Torturée en Iran, je n'oublierai pas mes camarades de prison
Ancienne prisonnière politique en Iran
Quand je fus libérée des geôles iraniennes en 2014 et que je pus rejoindre l'Europe il y a quelques mois, je me suis promis d'être la voix de mes camarades prisonnières de conscience qui croupissent dans la sinistre prison d'Evine à Téhéran. De rendre hommage à la mémoire de ces ardentes militantes des droits humains qui résistent dans les conditions des plus éprouvantes face à la dérive autoritaire des mollahs.
Ma chère Chirine Alamhoula, cette jeune militante de la cause kurde, que j'appréciais pour sa flamme et ses convictions ardentes, est de ce nombre. Quand elle m'a quitté à la prison d'Evine pour aller sur l'échafaud, un jour de mai 2010, la première pensée qui m'est venue à l'esprit fut de dire: "ma sœur m'a quittée!". Accusée de Moharebeh (inimité à l'égard de Dieu) pour sa collaboration avec un mouvement kurde interdit, Pejak, cette jeune femme de 26 ans m'avait fait le récit de tortures effroyables endurées et son incarcération dans les abîmes de l'isolement pendant d'interminables mois. Son exécution, avec cinq de ses camarades hommes, suscita une grande émotion dans la prison et mit en évidence une fois de plus la cruauté des mollahs.

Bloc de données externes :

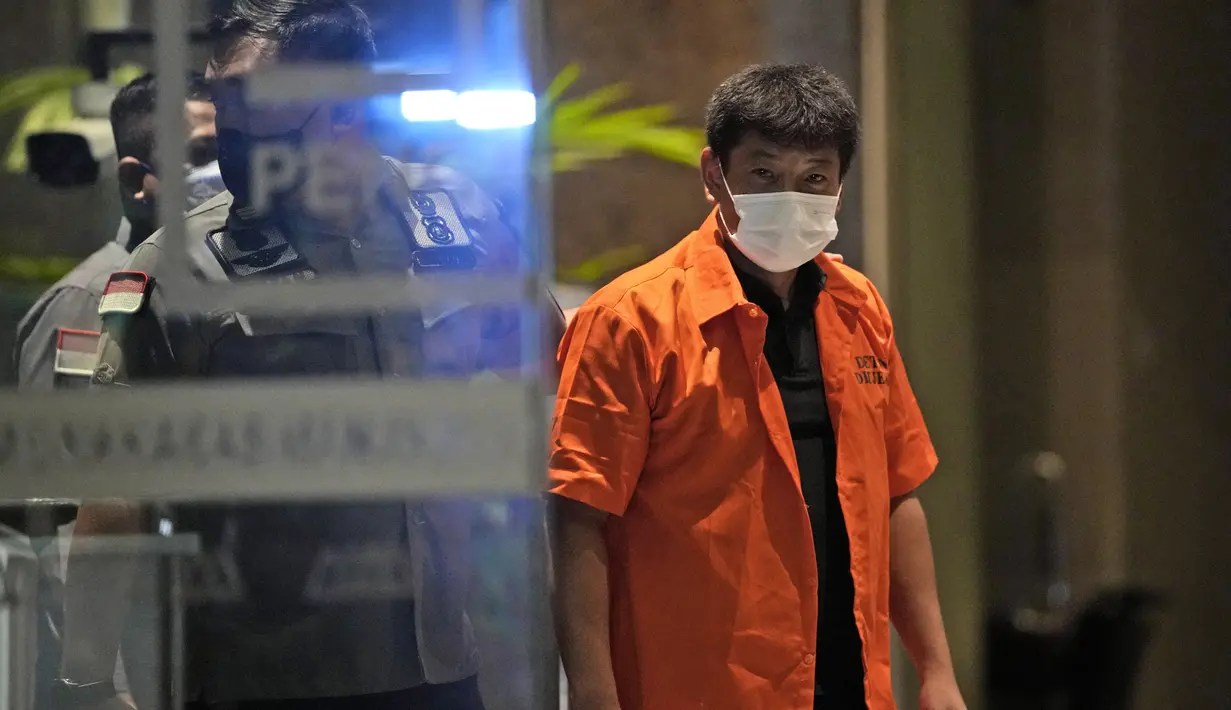 Petugas Imigrasi Indonesia mengawal buronan Jepang Mitsuhiro Taniguchi yang ditangkap di pulau Sumatera pada awal Juni, sebelum dideportasi di Jakarta, Rabu (22/6/2022). Mitsuhiro yang berusia 48 tahun dan merupakan warga negara Jepang dideportasi karena paspor kebangsaannya telah dicabut oleh Kedutaan Jepang dan tidak memiliki izin tinggal. (AP Photo/Dita Alangkara)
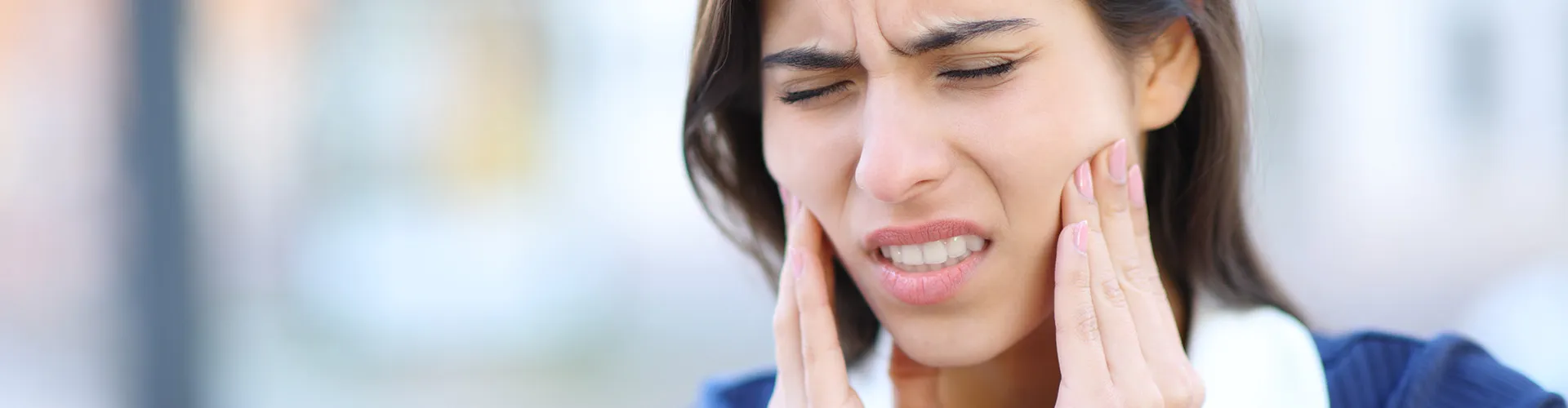 A woman holding her cheeks with her hands, showing discomfort.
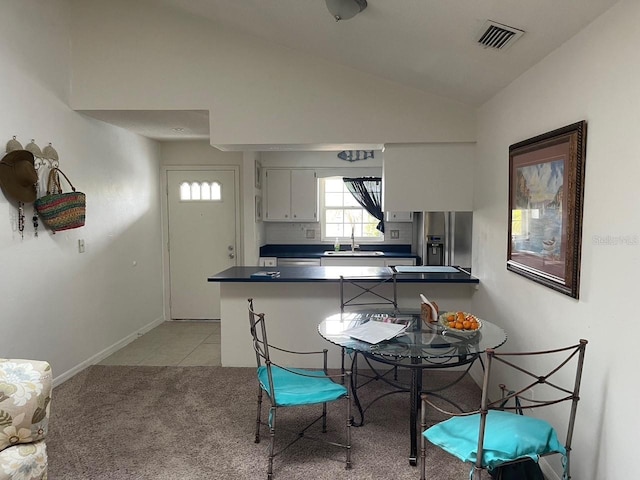 kitchen with dark countertops, stainless steel refrigerator with ice dispenser, white cabinets, visible vents, and vaulted ceiling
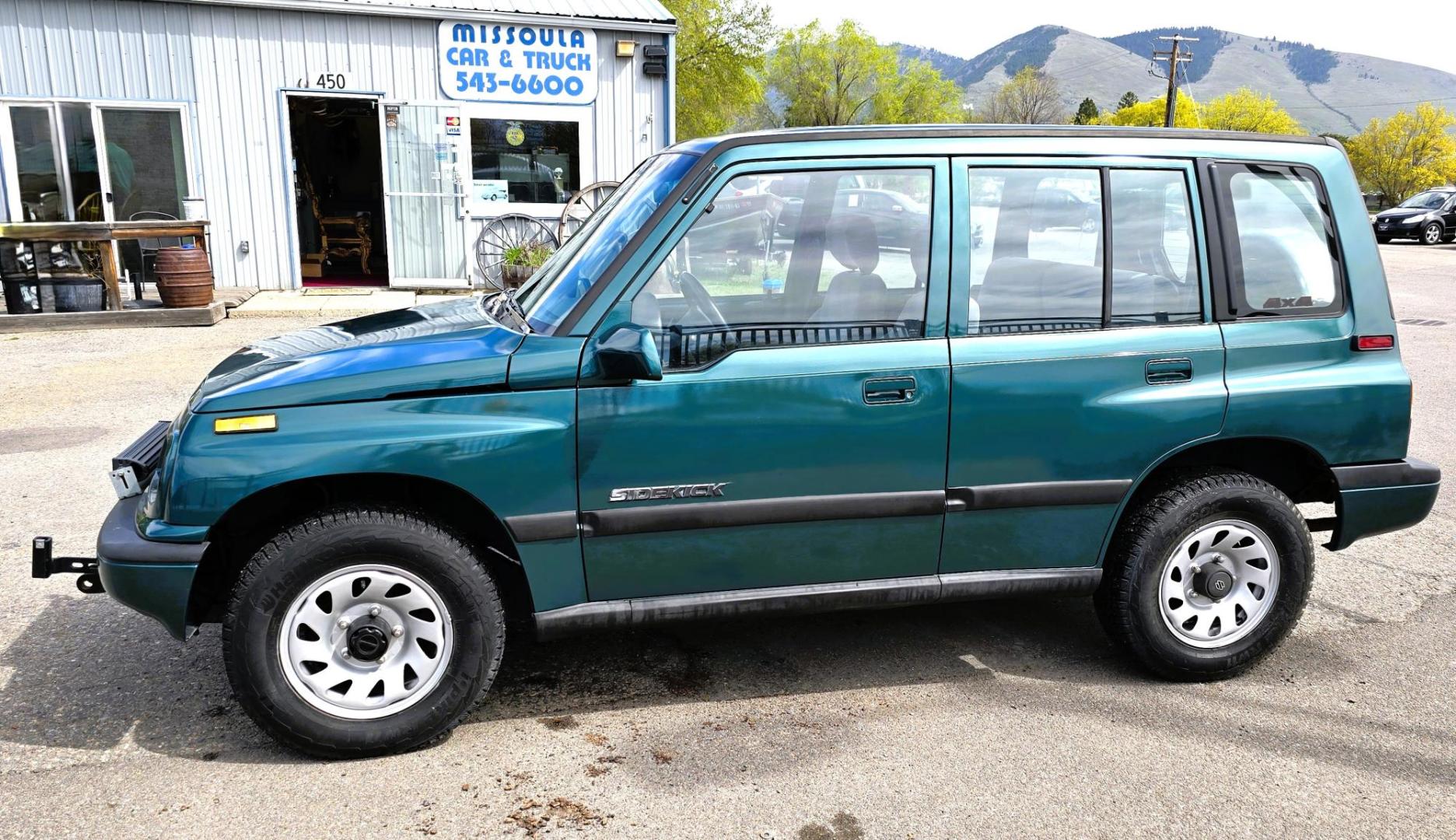1997 Green Suzuki Sidekick JX 4-Door 4WD (2S3TD03V7V6) with an 1.6L L4 SOHC 16V engine, 5 Speed Manual transmission, located at 450 N Russell, Missoula, MT, 59801, (406) 543-6600, 46.874496, -114.017433 - Photo#7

J'ai été arrêtée en février 2009, avec mon frère, suite à mes activités à l'université. J'ai alors passé trois mois au cachot à la section 209 de la prison d'Evine, subissant la torture. On torturait mon frère sous mes yeux. Ensuite le "tribunal de la révolution" m'a condamnée à cinq ans et exilée à la prison de Gohardasht. Mon frère Akbar et ma sœur Mahdieh, qui avaient rejoint les Moudjahidines du peuple à Achraf deux ans plus tôt, furent assassinés le 8 avril 2011 lors d'une attaque des agents du régime iranien contre ce camp de réfugiés, alors que j'étais en prison à Rajaï chahr.

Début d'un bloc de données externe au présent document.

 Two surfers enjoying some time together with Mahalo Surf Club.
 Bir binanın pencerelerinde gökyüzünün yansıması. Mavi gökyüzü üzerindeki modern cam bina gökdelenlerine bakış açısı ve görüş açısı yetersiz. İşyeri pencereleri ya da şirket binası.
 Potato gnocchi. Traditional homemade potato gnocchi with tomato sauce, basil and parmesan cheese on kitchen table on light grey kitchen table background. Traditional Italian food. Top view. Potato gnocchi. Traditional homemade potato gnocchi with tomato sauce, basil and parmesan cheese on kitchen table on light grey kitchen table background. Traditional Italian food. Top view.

En créant un climat de peur, le régime cherche à bâillonner la jeunesse débordante d'espérance pour un avenir débarrassé de l'emprise intégriste. Cette peur le régime cherche d'abord à l'instiller par sa police des mœurs, dont nous les filles en sommes la première cible. Sous prétexte d'appliquer le code vestimentaire, la gente féminine est harcelée en permanence pour le port incorrect du voile, pour les cheveux qui dépassent, le maquillage qui dérange, les manches trop courtes...
En prison
Dans les prisons, j'ai été témoin de la cruauté des crimes et de l'injustice des mollahs. A Evine, Gohardasht, Varamine, Garatchak, j'ai partagé ma vie avec des femmes condamnées pour des délits de droit commun. J'ai pu constater la profondeur de l'injustice et de la souffrance que le régime leur a infligé. Les tortures qu'elles ont subi seul un régime profondément misogyne pouvait les pratiquer. Elle n'avait aucune protection et personnes ne leur venait en aide. Je me suis promise d'être leur voix, celle des victimes de ce pouvoir criminel.